Quand la communication est « bonne »,  un dialogue peut alors s’instaurer et permet à chacun de s’exprimer, et de « cheminer ensemble » ; c’est-à-dire de réfléchir avec l’autre. Cela favorise l’écoute mutuelle et la mise en place de solutions mutuellement satisfaisantes, et tout ce processus  créé « un cercle vertueux de confiance dont chaque partenaire sort renforcé et grandi » (Curchod, 2009)

 

Une relation qui comporte des risques

Glissement des rôles

Parfois, l’aspect d’ irréversibilté dans la relation soignant-soigné est mise à mal et des « glissements des rôles peuvent s’opérer » par exemple : (basé sur Manoukian, 2008)

Glissement du rôle de patient à un autre ou ancien rôle professionnel :  quand le patient travaille ou travaillait dans le milieu de la santé , celui-ci peut « sortir » de son rôle de soigné pour endosser celui qui est ou était le sien dans son milieu professionnel (commentaires, remarques, critiques, exigences, tentatives de « prendre le contrôle »…). Parfois, certains patients peuvent se sentir au contraire « au dessus » du soignant (par sa catégorie socio professionnelle, son niveau d’études, des représentations) et adopter de la même façon une attitude qui ne correspond pas au « rôle » du patient dans la relation  (autoritaire, exigent, estimer que le personnel soignant est à son service…).

glissement du rôle de soignant à celui de parent : prise de parti au lieu de rester neutre, de laisser le patient s’exprimer. Ca peut compliquer l’établissement d’une relation de confiance o au contraire, induire chez le patient une association du soignant à son parents, mais un parent idéalisé « vous êtes la mère que j’aurai  voulu avoir ». Difficile ensuite, pour le soignant, de se positionner et de retrouver une « distance professionnelle ».

C’est là que l’on constate l’importance des caractéristiques de la relation soignant-soigné et la nécessité d’une définition claire des rôles de chacun dans cette relation. Cette méprise de la part des patients  ou des soignants peuvent avoir des conséquences plus ou moins importantes sur la relation soignant-soigné qui peuvent se répercuter  sur les personnes engagées et sur les soins. Tout ça rejoint en partie la question de la distance professionnelle abordé plus tard.

 

Paternalisation/ autoritarisme / maltraitance (peu détaillée ici)

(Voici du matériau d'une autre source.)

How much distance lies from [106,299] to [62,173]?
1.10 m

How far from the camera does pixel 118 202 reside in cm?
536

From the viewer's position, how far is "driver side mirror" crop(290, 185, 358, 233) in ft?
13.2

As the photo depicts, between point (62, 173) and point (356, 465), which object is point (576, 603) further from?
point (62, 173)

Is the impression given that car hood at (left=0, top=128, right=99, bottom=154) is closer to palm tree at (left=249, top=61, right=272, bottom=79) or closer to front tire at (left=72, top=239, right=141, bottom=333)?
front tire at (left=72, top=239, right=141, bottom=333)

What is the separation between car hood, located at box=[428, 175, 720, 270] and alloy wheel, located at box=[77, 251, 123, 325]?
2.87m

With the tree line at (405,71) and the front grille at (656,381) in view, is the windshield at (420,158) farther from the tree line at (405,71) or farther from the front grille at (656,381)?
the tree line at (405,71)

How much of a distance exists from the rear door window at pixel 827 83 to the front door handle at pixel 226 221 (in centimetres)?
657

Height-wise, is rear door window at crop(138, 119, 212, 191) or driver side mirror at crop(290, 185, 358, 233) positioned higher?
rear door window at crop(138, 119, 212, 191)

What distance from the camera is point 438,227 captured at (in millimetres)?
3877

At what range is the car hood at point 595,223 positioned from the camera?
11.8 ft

Risques liés à plusieurs facteurs : (Curchod, 2009)

Le pouvoir des soignants

La soumission des soignés

Absence de structures de régulation clarifiant les droits et devoirs de chacun( ?)

Plusieurs causes :

Mécanisme de défense

Question de la motivation

Burn out

Etc.

« toute action d’aide et de soins peut engendrer un comportement de maltraitance » (Schiffino, 2000). Quelles qu’en soit les causes, ces abus sont possibles d’abord en raison de l’asymétrie de la relation et de la relative impuissance des patients.

De la  nécessité des valeurs (éthique professionnelle)

D’où la nécessité aussi de principes éthiques : respect de la personne, de son autonomie, la non-malfaisance, et la fidélité…

Dans les soins infirmiers, les soignants se doivent de respecter des règles qui sont régis par l’éthique professionnelle que l’on peut appeler également morale professionnelle.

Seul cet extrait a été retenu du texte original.